Null hypothesis: H0: μ = 500
Alternative hypothesis: Ha: μ > 500
We will reject the null hypothesis at a p-value less than 0.05
```{r}
p <- pt(t_score, s_size-1, lower.tail = FALSE)
p
```
The p-value is 0.9914642. As p-value is less than the 0.05, we reject the null hypothesis. Therefore, the mean income of female employees is greater than $500.
## Question 5
## A
We assume that the sample is random and that the population has a normal distribution.

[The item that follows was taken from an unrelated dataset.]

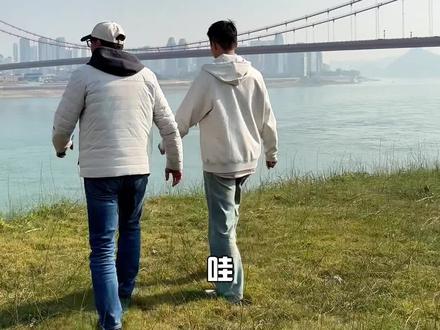 带大家看看青绿色的长江水,下午的直播已经开始了,快来看看吧#东方甄选看世界宜昌行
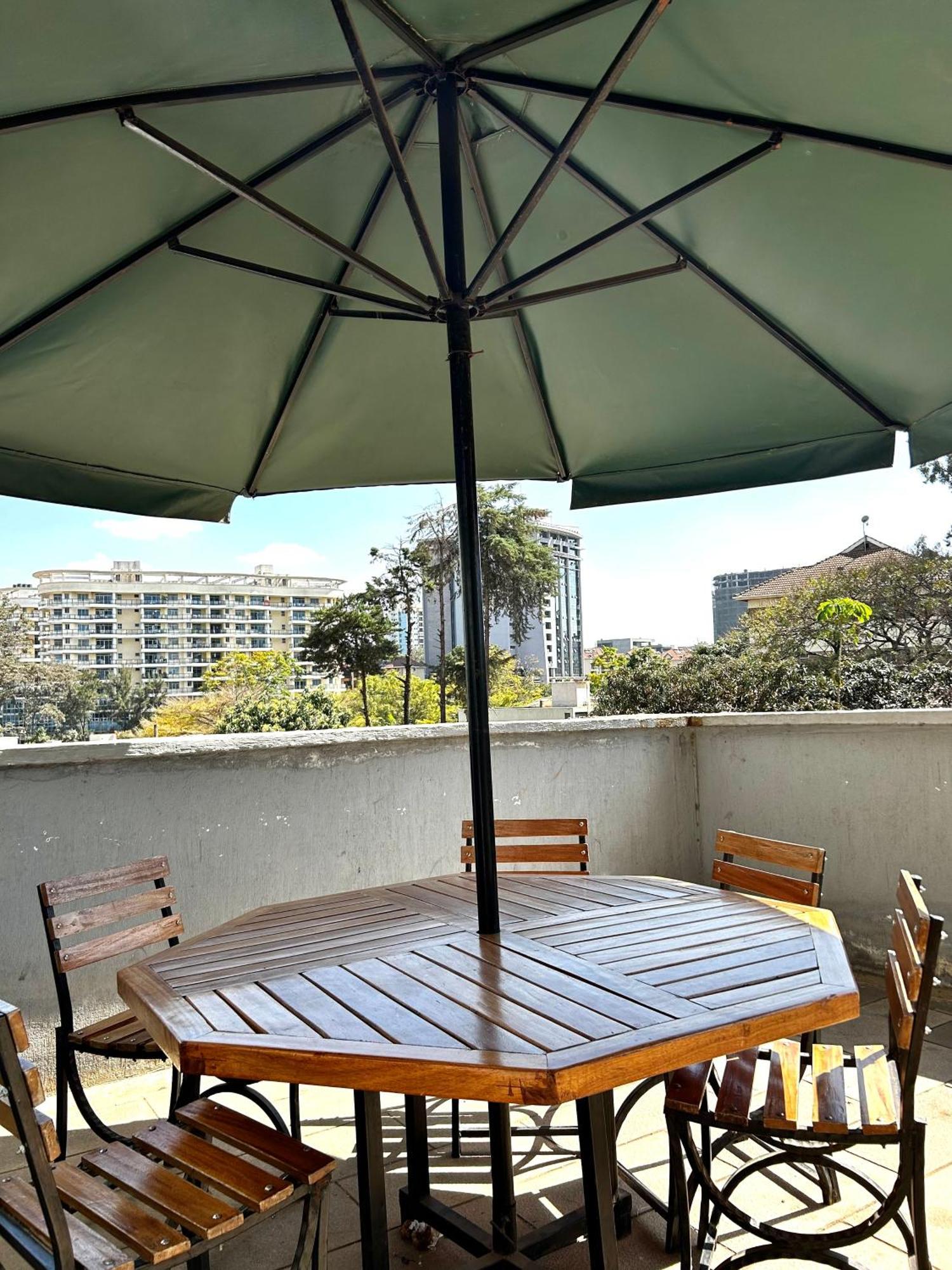 Apartamento Stylish 2br Near Yaya Centre,adlife Kilimani,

Null hypothesis: H0: μ = 500
Alternative hypothesis: Ha: μ ≠ 500
We will reject the null hypothesis at a p-value less than 0.05
## Calculating t-statistic and p-value for Jones
```{r}
s_mean <- 519.5
μ <- 500
se <- 10
s_size <- 1000
jt <- (s_mean-μ)/se
jt
p <- 2*pt(jt, s_size-1, lower.tail = FALSE)
p
```
## Calculating t-statistic and p-value for Smith
```{r}
s_mean <- 519.7
μ <- 500
se <- 10
s_size <- 1000
jt <- (s_mean-μ)/se
jt
p <- 2*pt(jt, s_size-1, lower.tail = FALSE)
p
```
The test-statistic is 1.95, p-value is 0.05145555 for Jones and the test-statistic is 1.97, p-value is 0.05145555 for Smith.
## B
The p-value is 0.05145555 for Jones. As p-value is greater than the 0.05, we fail to reject the null hypothesis. The p-value is 0.04911426 for Jones. As p-value is less than the 0.05, we reject the null hypothesis. Therefore, the result is statistically significant for Smith, but not Jones.
## C
If we fail to report the P-value and simply state whether the P-value is less than/equal to or greater than the defined significance level of the test, one cannot determine the strength of the conclusion. In the Jones/Smith example, reporting the results only as *P ≤ 0.05* versus *P > 0.05* will lead to different conclusions about very similar results.
## Question 6
```{r}
gas_taxes <- c(51.27, 47.43, 38.89, 41.95, 28.61, 41.29, 52.19, 49.48, 35.02, 48.13, 39.28, 54.41, 41.66, 30.28, 18.49, 38.72, 33.41, 45.02)
t.test(gas_taxes, mu = 18.4, conf.level = .95)
```
The 95% confidence interval for the mean tax per gallon is 36.23386 through 45.49169. We cannot conclude with 95% confidence that the mean tax is less than 45 cents, since the 95% confidence interval contains values above 45 cents.